The Connecticut Zoning Atlas Illustrates a Proclivity for Single-Family Zoning

A new online interactive mapping tool illustrates just how much developable land is devoted to one for of residential housing in the state of Connecticut.

1 minute read

January 29, 2021, 6:00 AM PST

By James Brasuell @CasualBrasuell


Multi-Family Housing

Multi-family housing, like these units shown here in Manchester, is a rare site in Connecticut. | Pugalenthi Iniabarathi / Shutterstock

Desegregate Connecticut has released a new Connecticut Zoning Atlas in collaboration with the Connecticut Data Collaborative and with the participation of 63 municipal planners across the state. First and foremost, the Atlas illustrates a lack of zoning for multi-family housing across the state.

"We think it shows how outdated zoning laws make it hard to build diverse, affordable housing," reads the introductory text of the Atlas.

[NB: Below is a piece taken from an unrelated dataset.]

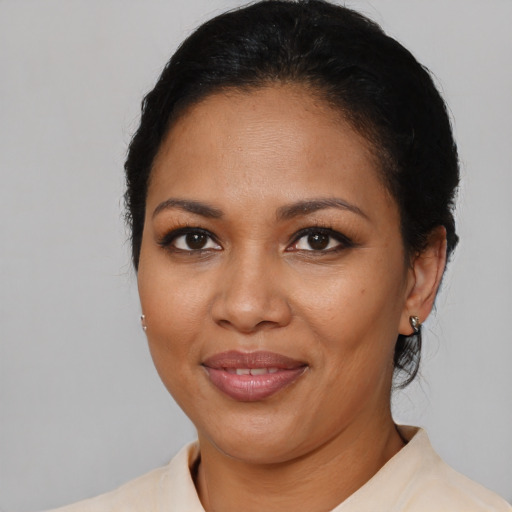 Joyful latino adult female with medium  black hair and brown eyes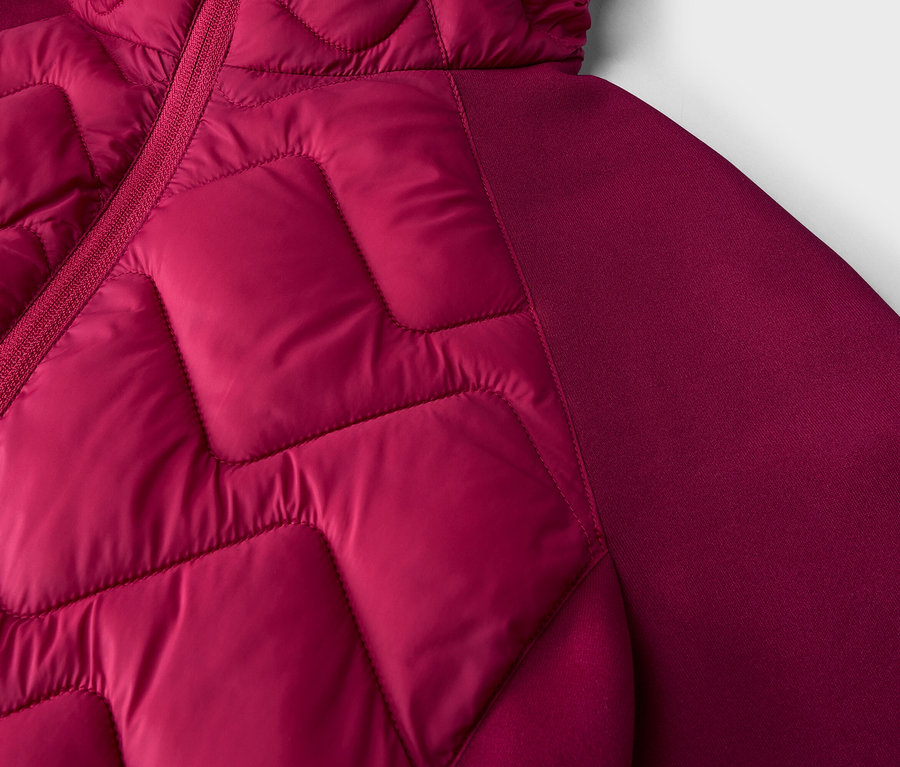 Nahaufnahme einer magentafarbenen Jacke mit gesteppter Vorderseite in geometrischem Muster und glattem Ärmel/Seitenbereich, mit sichtbarem Reißverschluss.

An article by Michael Hamad offers insight into the findings and methodology of the new Atlas.

"Among the key findings of the map is the glaring absence of land where family housing of four or more units can be developed without a public hearing — only 2.0% of all land in Connecticut, compared with 90.6% zoned for single-family housing," writes Hamad. "Two-family housing can be developed without a public hearing on 28.1% of Connecticut land, while three-family housing is allowable on only 2.3%."

Desegregate Connecticut was founded in the summer of 2020, spearheaded by Sara Bronin, former chair of the Hartford Planning and Zoning Commission, a source of frequent news and commentary on Planetizen.